(Short text fragments from websites)
· · ·
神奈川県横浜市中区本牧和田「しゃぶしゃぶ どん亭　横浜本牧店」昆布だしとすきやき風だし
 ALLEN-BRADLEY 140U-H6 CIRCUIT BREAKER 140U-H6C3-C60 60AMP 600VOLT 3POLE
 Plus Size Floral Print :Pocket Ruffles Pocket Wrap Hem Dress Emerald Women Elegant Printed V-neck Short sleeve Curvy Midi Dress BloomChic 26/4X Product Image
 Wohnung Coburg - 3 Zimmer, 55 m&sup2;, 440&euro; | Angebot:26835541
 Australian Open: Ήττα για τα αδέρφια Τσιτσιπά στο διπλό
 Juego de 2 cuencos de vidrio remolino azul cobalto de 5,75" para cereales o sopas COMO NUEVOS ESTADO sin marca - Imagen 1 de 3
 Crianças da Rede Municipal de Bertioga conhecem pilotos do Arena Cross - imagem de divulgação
· · ·
As listed above, the lines from the line with "Wohnung Coburg - 3" to the line with "Juego de 2 cuencos" are to be echoed exactly, with both ends included and nothing added.

> RESPONSE TO THE EXERCISE:
 Wohnung Coburg - 3 Zimmer, 55 m&sup2;, 440&euro; | Angebot:26835541
 Australian Open: Ήττα για τα αδέρφια Τσιτσιπά στο διπλό
 Juego de 2 cuencos de vidrio remolino azul cobalto de 5,75" para cereales o sopas COMO NUEVOS ESTADO sin marca - Imagen 1 de 3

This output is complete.